━━━ THE INPUT ━━━

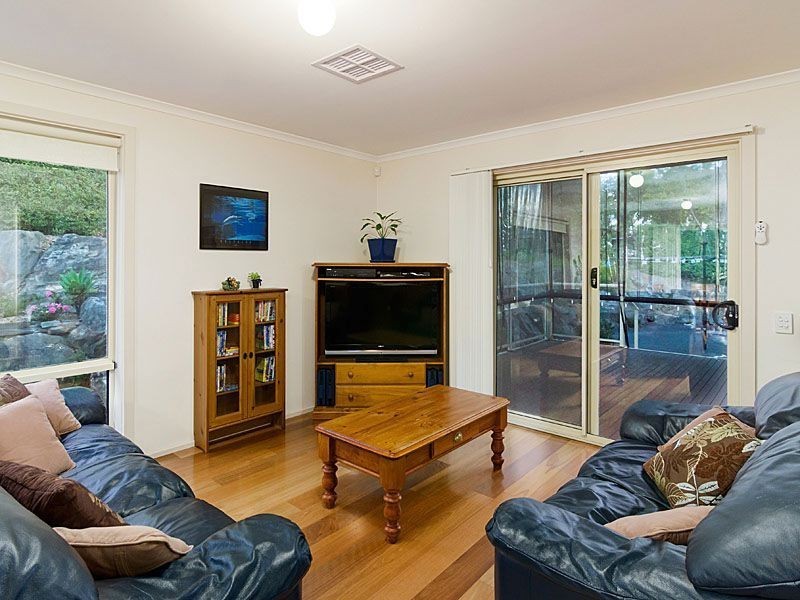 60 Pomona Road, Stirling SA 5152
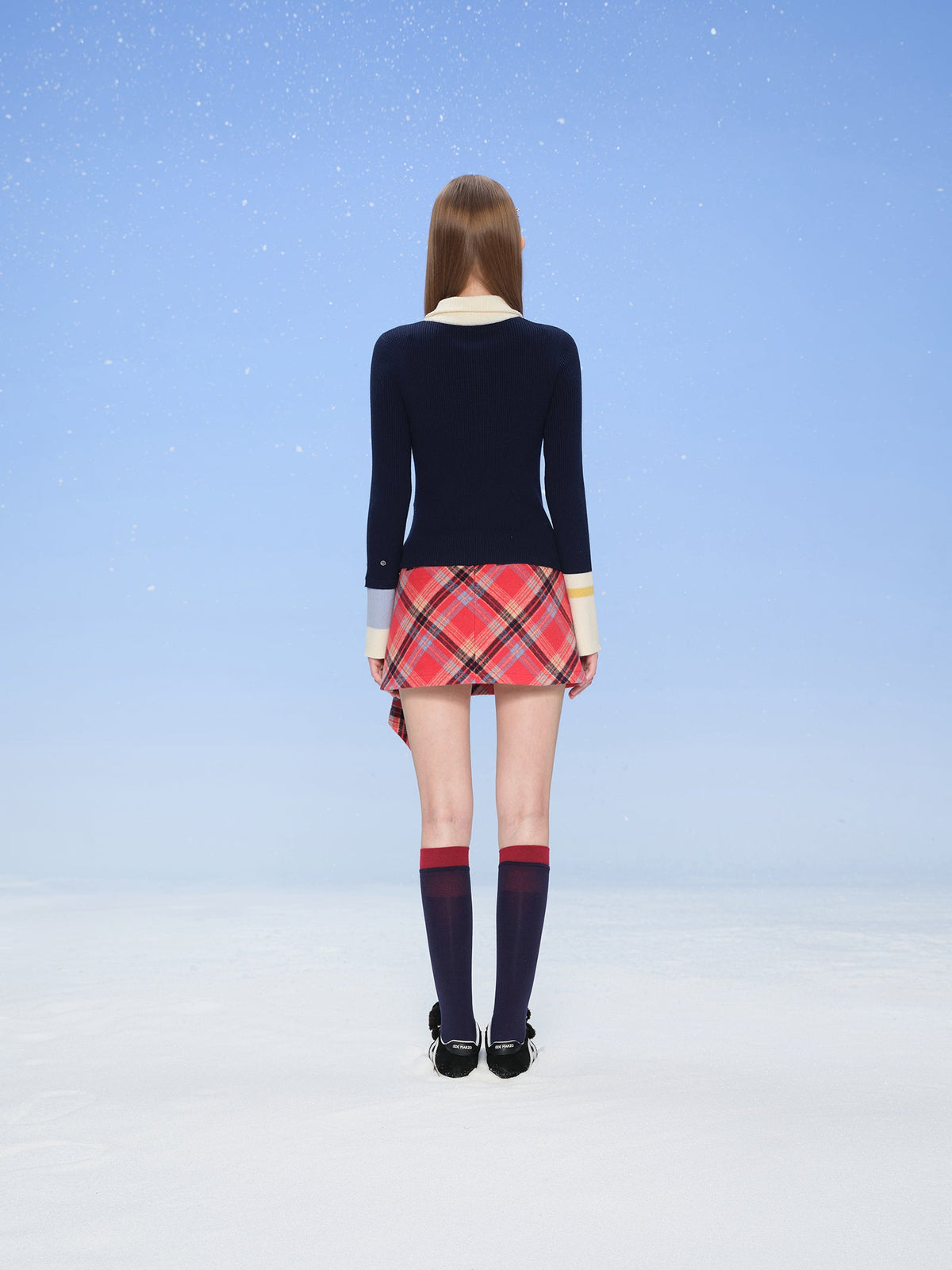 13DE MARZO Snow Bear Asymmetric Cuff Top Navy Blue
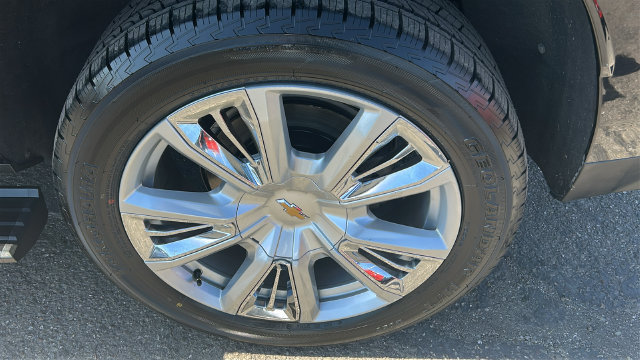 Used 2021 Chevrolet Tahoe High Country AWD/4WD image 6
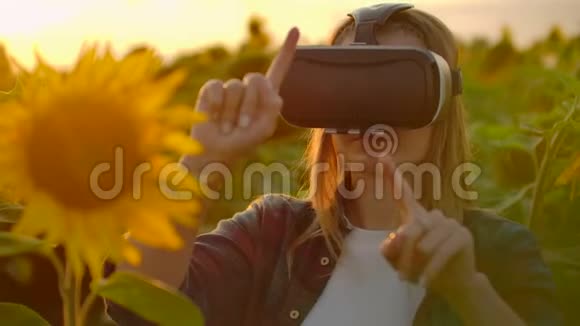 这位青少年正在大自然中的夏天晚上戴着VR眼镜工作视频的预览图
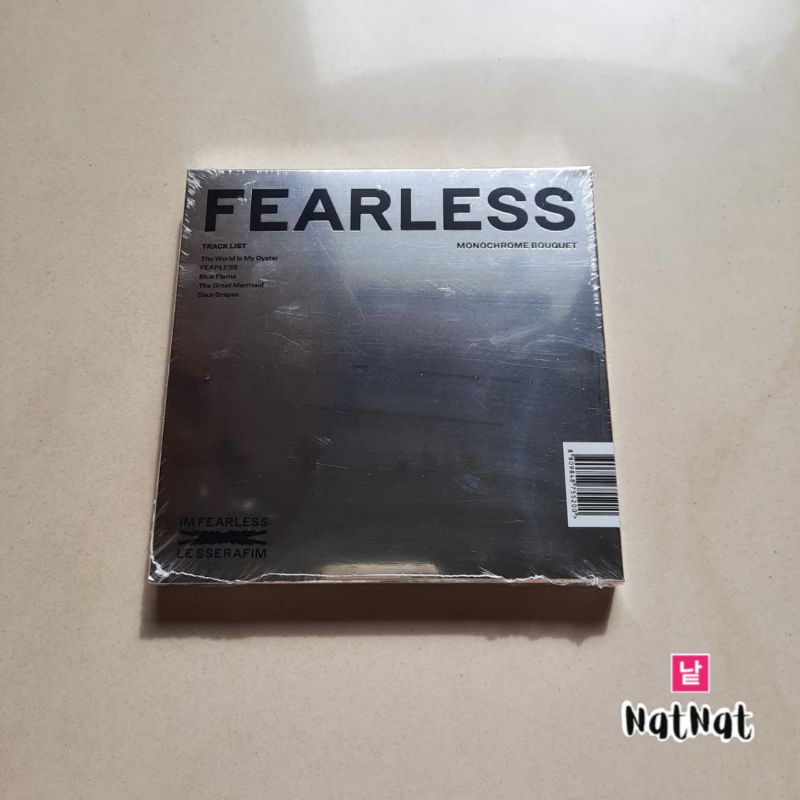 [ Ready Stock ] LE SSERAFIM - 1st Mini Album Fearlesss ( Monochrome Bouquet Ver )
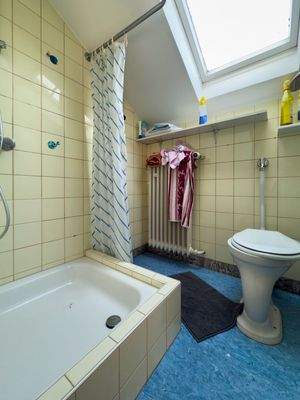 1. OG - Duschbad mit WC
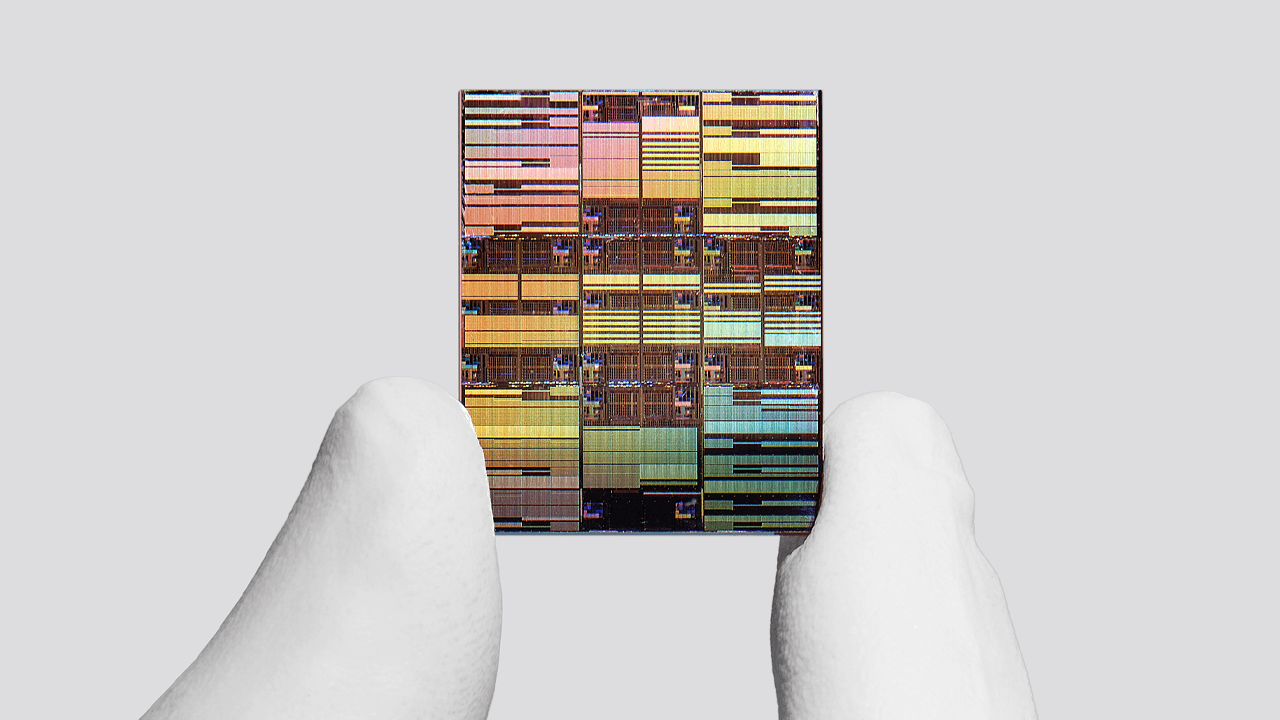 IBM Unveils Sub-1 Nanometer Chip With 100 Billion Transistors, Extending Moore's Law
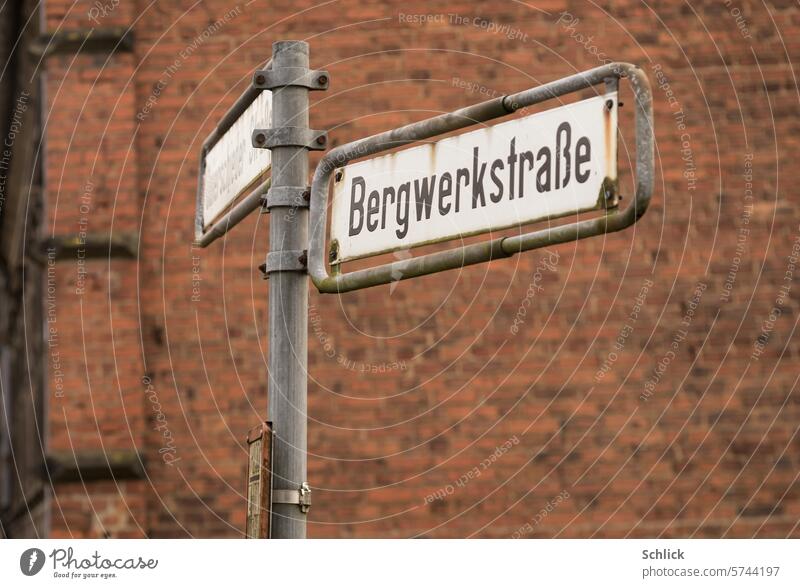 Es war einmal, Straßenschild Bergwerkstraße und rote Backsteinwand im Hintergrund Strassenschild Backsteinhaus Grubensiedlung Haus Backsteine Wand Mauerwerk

━━━

The lines to retype begin with the one containing "IBM Unveils Sub-1" and end with the last line of the records. Reproduce them exactly and omit the pictures.

 IBM Unveils Sub-1 Nanometer Chip With 100 Billion Transistors, Extending Moore's Law
 Es war einmal, Straßenschild Bergwerkstraße und rote Backsteinwand im Hintergrund Strassenschild Backsteinhaus Grubensiedlung Haus Backsteine Wand Mauerwerk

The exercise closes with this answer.